§ Source data:

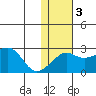 Apoon Mouth tide chart for Wednesday, February 3, 2021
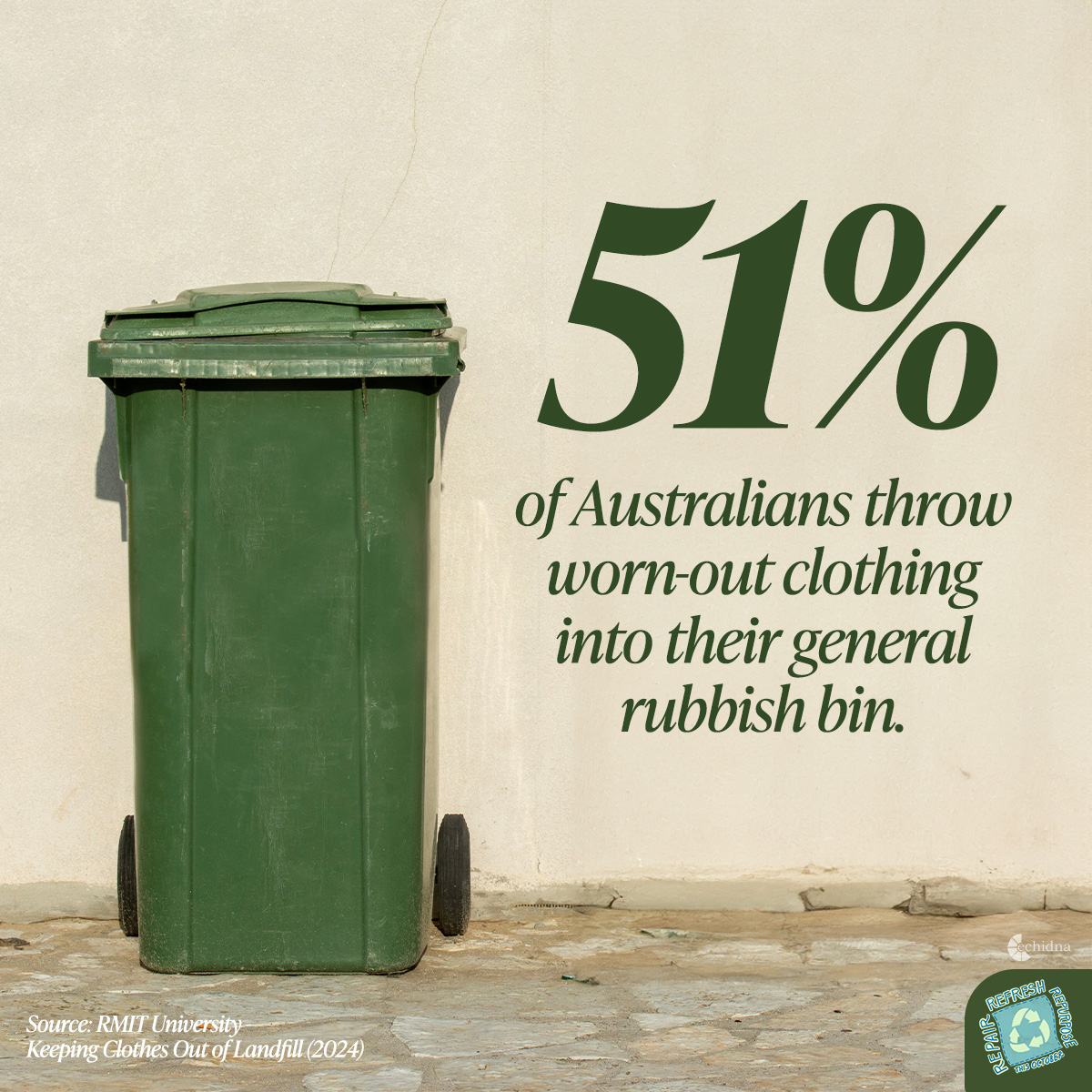 Textile Waste Fact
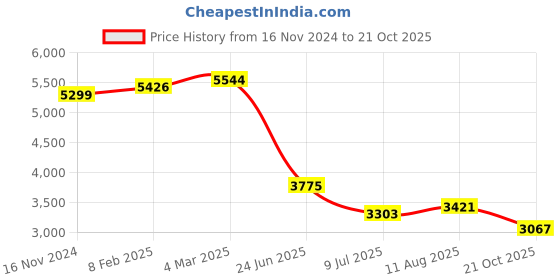 industrybuying.com RS PRO Circular Connector 7 Contacts Cable Mount M16 Connector Socket IP67, 2065083 rs pro Price History Graph from 16 Nov 2024 to 21 Oct 2025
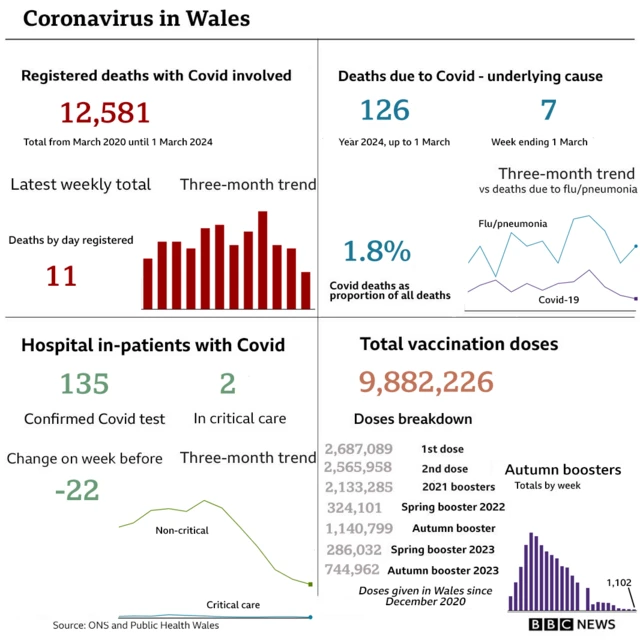 Graph showing numbers of Covid in Wales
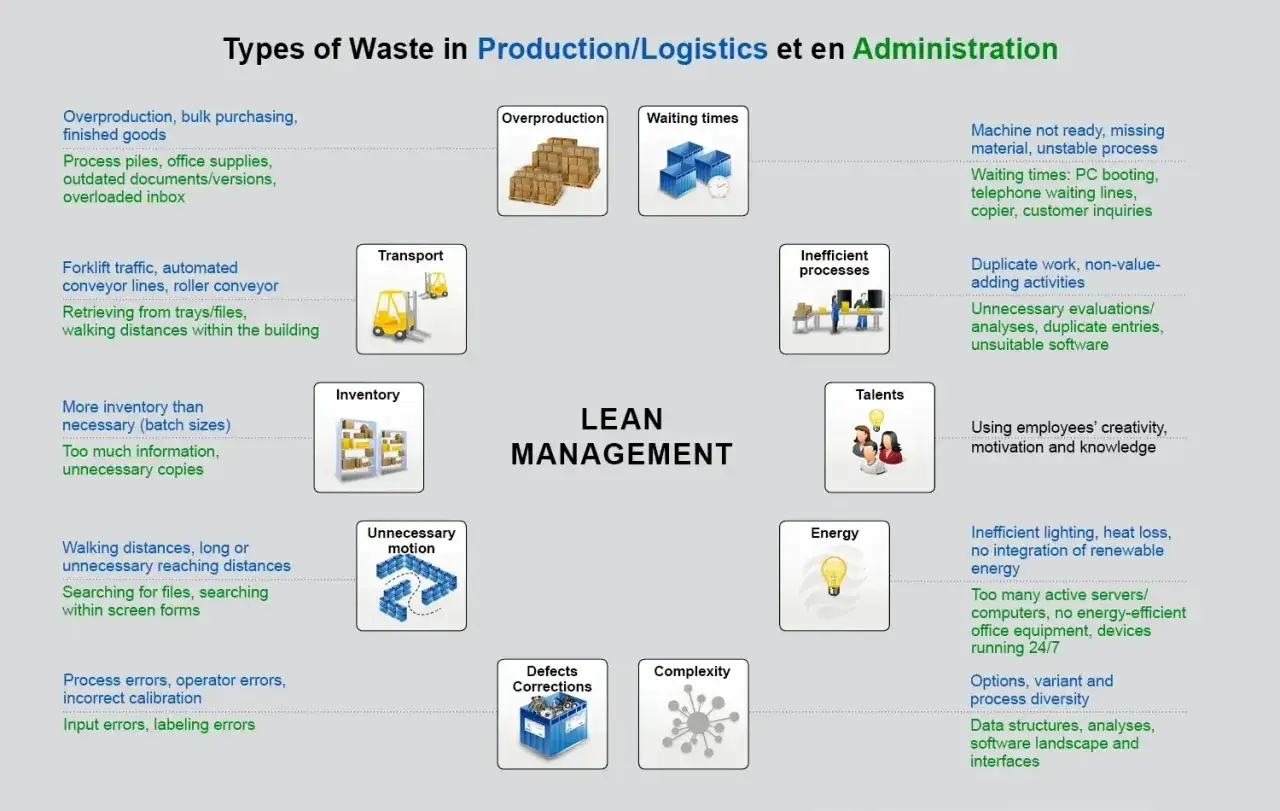 Koncepcja lean management: nadprodukcja, transport, zapasy, ruch, wady, złożoność, czas oczekiwania, nieefektywne procesy, talenty, energia.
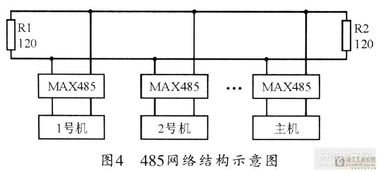 有关modbus协议的485网络来实现温湿度的控制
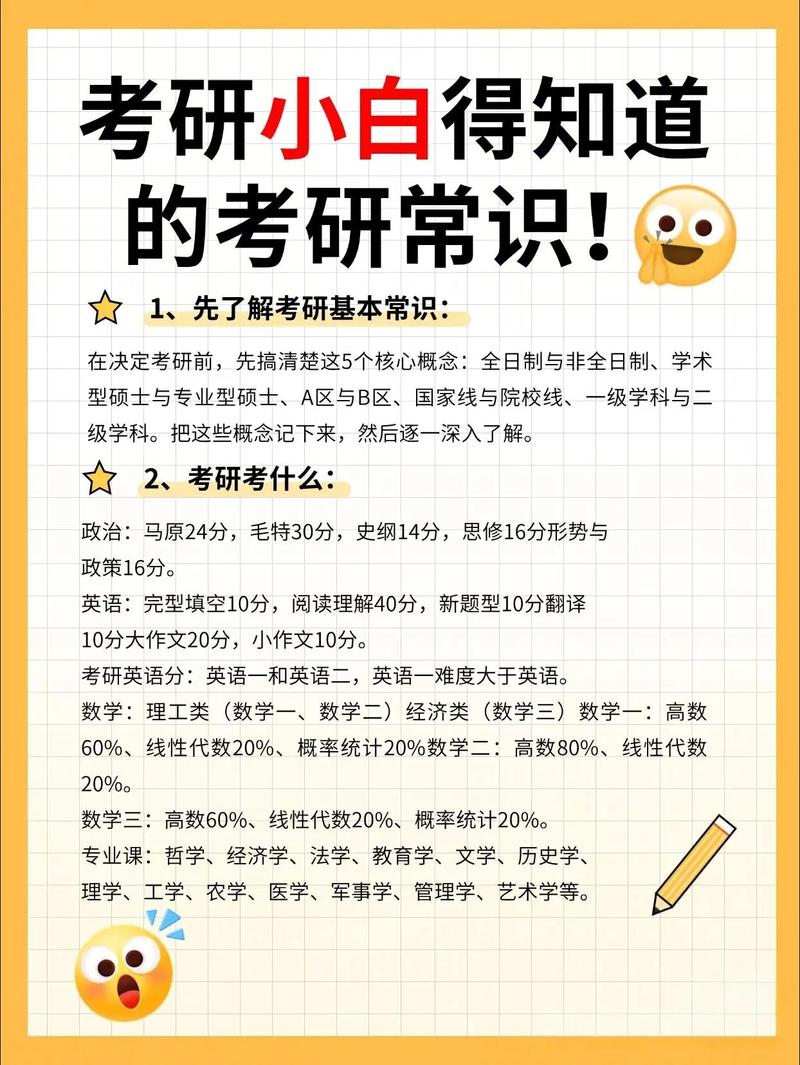 考研注意事项必看？考研注意啥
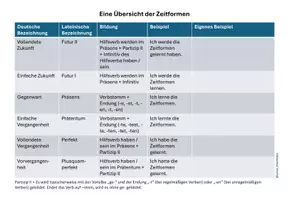Vorschau - Arbeitsblätter - Zeitformen: Übersicht, Puzzle, Tafelmaterial - Seite 1
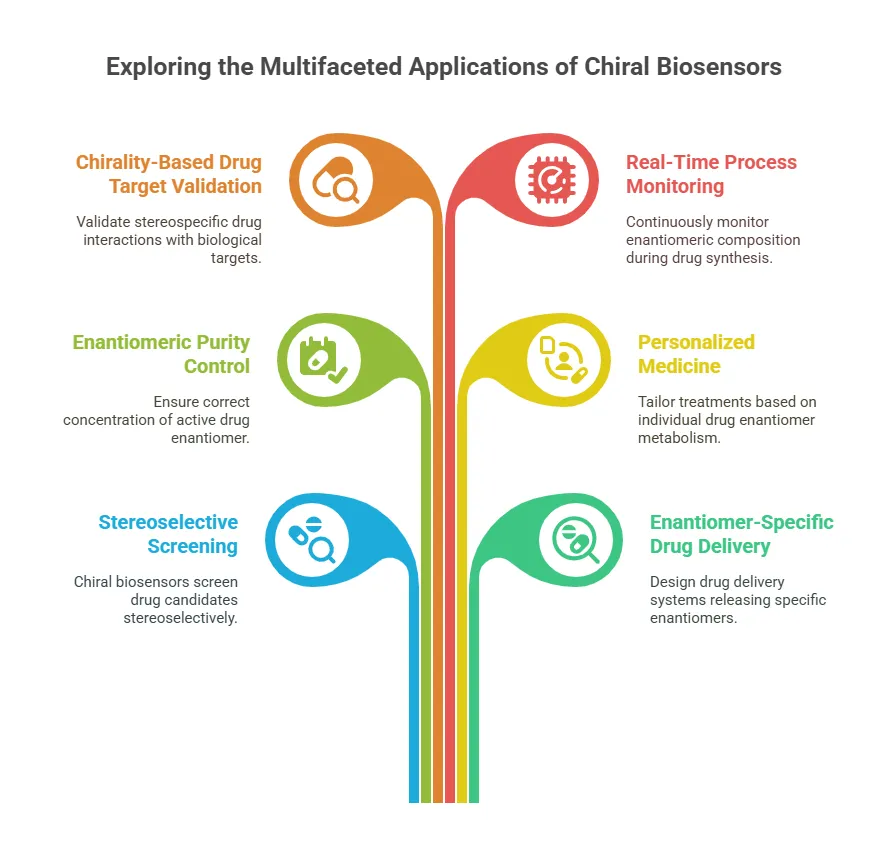 Illustration of how chiral biosensors are used across multiple industries and research fields
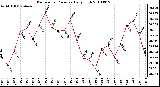 Milwaukee Weather Barometric Pressure Daily High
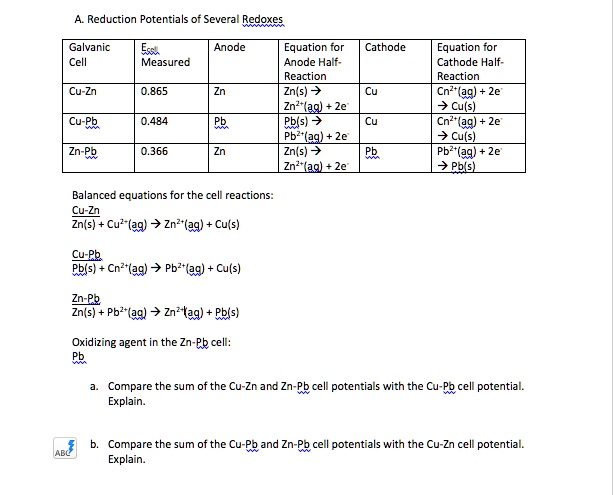 SOLVED: Reduction Potentials of Several Redoxes Galvanic Cell Essz ...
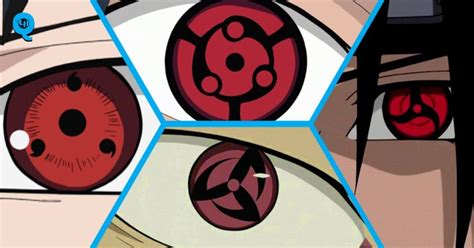 Quiz Naruto Descubra Qual Seria O Seu Tipo De Sharingan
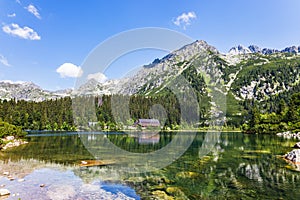 Popradské pleso nebo Popradské pleso je horské jezero ve Vysokých Tatrách na Slovensku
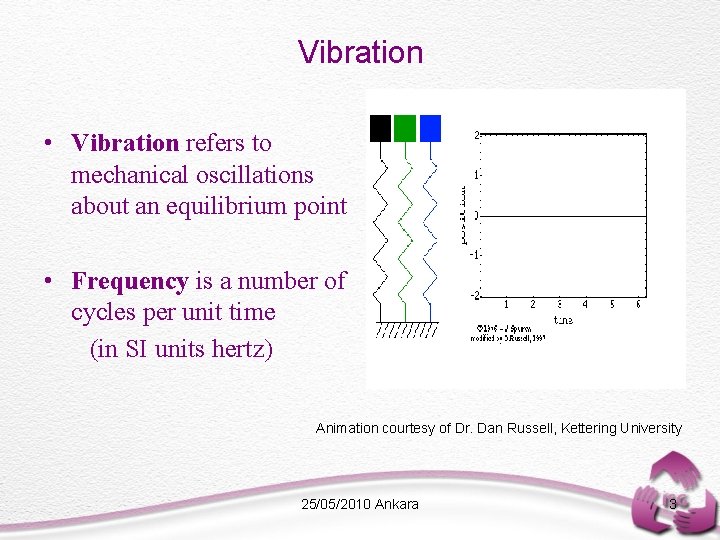 Vibration • Vibration refers to mechanical oscillations about an equilibrium point • Frequency is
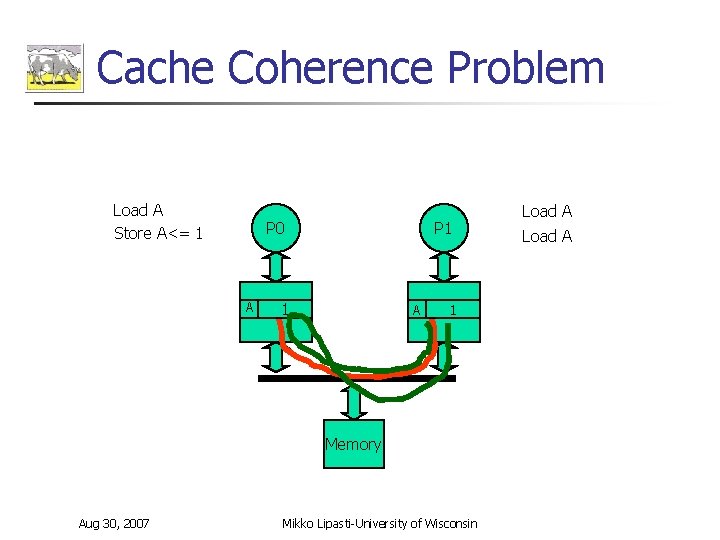 Cache Coherence Problem Load A Store A<= 1 P 0 A P 1 10
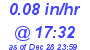 Milwaukee Weather Rain Rate Today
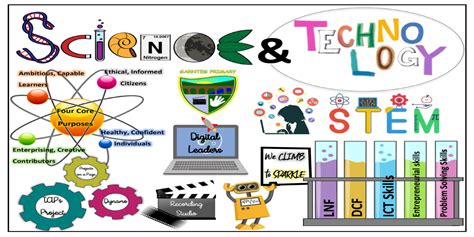 Image result for Science and Elementary Technology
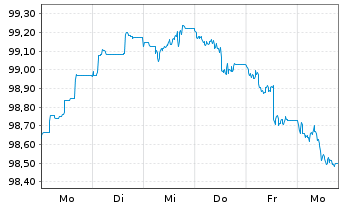 Chart Bayerische Landesbank HPF-MTN v.24(28) - 1 semaine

§ TASK DESCRIPTION:
In the records above, find the line with "考研注意事项必看？考研注意啥" and the line with "Milwaukee Weather Barometric". Write out exactly those lines and every one between, with no pictures and no other lines.

§ EXERCISE RESULT:
 考研注意事项必看？考研注意啥
Vorschau - Arbeitsblätter - Zeitformen: Übersicht, Puzzle, Tafelmaterial - Seite 1
 Illustration of how chiral biosensors are used across multiple industries and research fields
 Milwaukee Weather Barometric Pressure Daily High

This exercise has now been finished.